Figure 3.

Trim21 ^−/− bone‐marrow‐derived macrophages (BMDMs) are hyporesponsive to stimulation with PAM3CSK4. Gene‐set enrichment analysis of Toll‐like receptor 2 (TLR2) ‐activation (PAM3CSK4) signature genes in Trim21 ^−/− (knockout; KO) and wild‐type (WT) BMDMs at baseline (a). Trim21 ^−/− and WT BMDMs were stimulated with 0·1 µg/ml PAM3CSK4 for 6 hr followed by quantitative RT‐PCR against Nos2 (iNOS) and Il6 (IL‐6) (n = 5) (b). Trim21 ^−/− and WT BMDMs were stimulated with 0·1 µg/ml PAM3CSK4 for 3–48 hr followed by quantitative RT‐PCR against Nos2 (iNOS), Il6 (IL‐6) and Il12b (IL‐12‐p40) (n = 3) (c). Trim21 ^−/− and WT BMDMs were stimulated with 0·1 µg/ml PAM3CSK4 for 24 hr, followed by ELISA to measure secreted IL‐6 and IL‐12‐p40 protein (n = 5) (d). Immunoblotting against phosphorylated EKR1/2 (p‐ERK1/2) and total ERK1/2 in BMDMs stimulated with 0·1 µg/ml PAM3CSK4 for 6 hr (e).
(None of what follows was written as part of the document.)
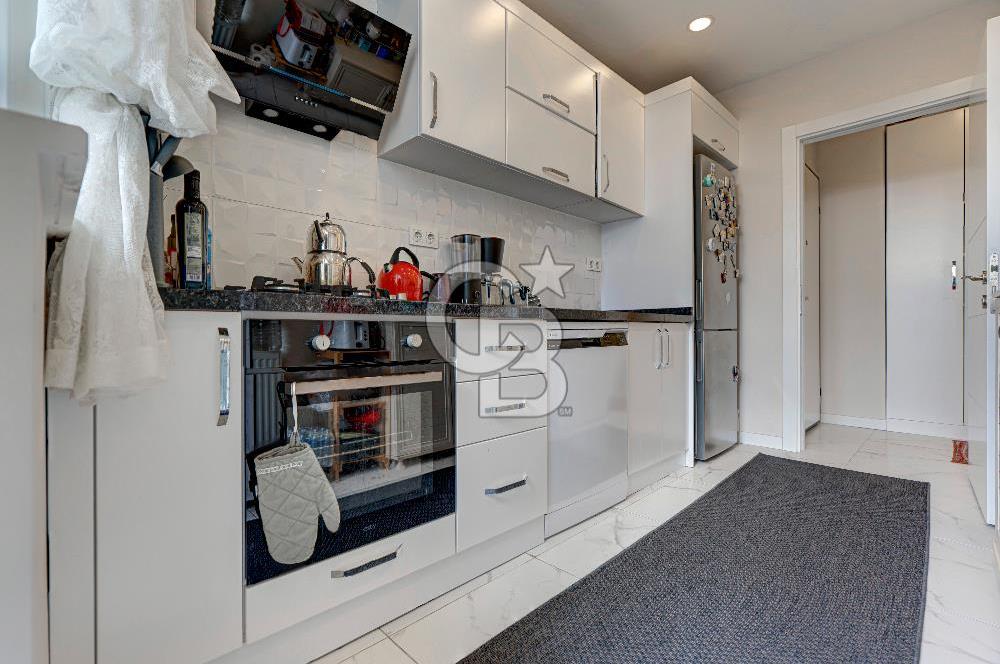 Şenesenevler Minibüs Cad. Üzerinde Ön Cephe Kiralık 2+1 Daire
Trim21 ^−/− and WT BMDMs were stimulated with 1·0 µg/ml poly(I:C) for 3 hr followed by quantitative RT‐PCR against Nos2 and Il6 (n = 3) (f). Surface expression of TLR2 on BMDMs was determined by flow cytometry (n = 5) (g, h). Statistics for gene expression data were calculated using the Student's t‐test, and statistical testing for flow cytometry data was performed using two‐sided Mann–Whitney test (*P < 0·05, **P < 0·01, ***P < 0·005). The experiment was performed three times with similar results. Gene‐set enrichment was calculated as a normalized enrichment score. Multiple testing was corrected using false‐discovery rate calculated based on gene‐set permutations.